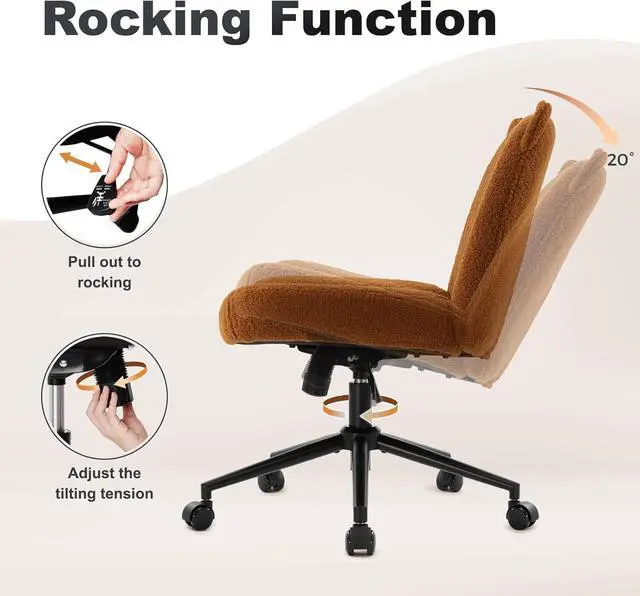 Alt view image 5 of 6 - Armless Office Desk Chair with Wheels,Ergonomic Criss Cross Legged Computer Chair with Fabric Padded, Height Adjustable Wide Seat Vanity Chair,Mid Back Task Chair for Home, Bedroom (Brown)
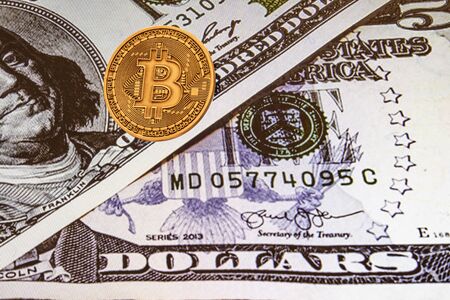 close up physical bitcoinの写真素材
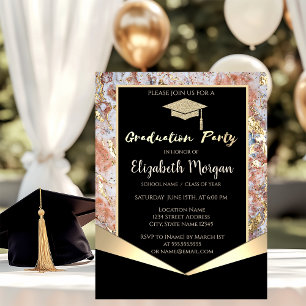 Invitación Elegante Purpurina de Oro Moderno Tapón de graduac
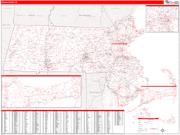 Massachusetts <br /> Wall Map <br /> Zip Code <br /> Red Line Style 2025 Map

******

__What you will do__
Leave the pictures out and copy exactly the lines from the one that holds "close up physical bitcoinの写真素材" through the last line of the material.

__Your response__
 close up physical bitcoinの写真素材
 Invitación Elegante Purpurina de Oro Moderno Tapón de graduac
 Massachusetts <br /> Wall Map <br /> Zip Code <br /> Red Line Style 2025 Map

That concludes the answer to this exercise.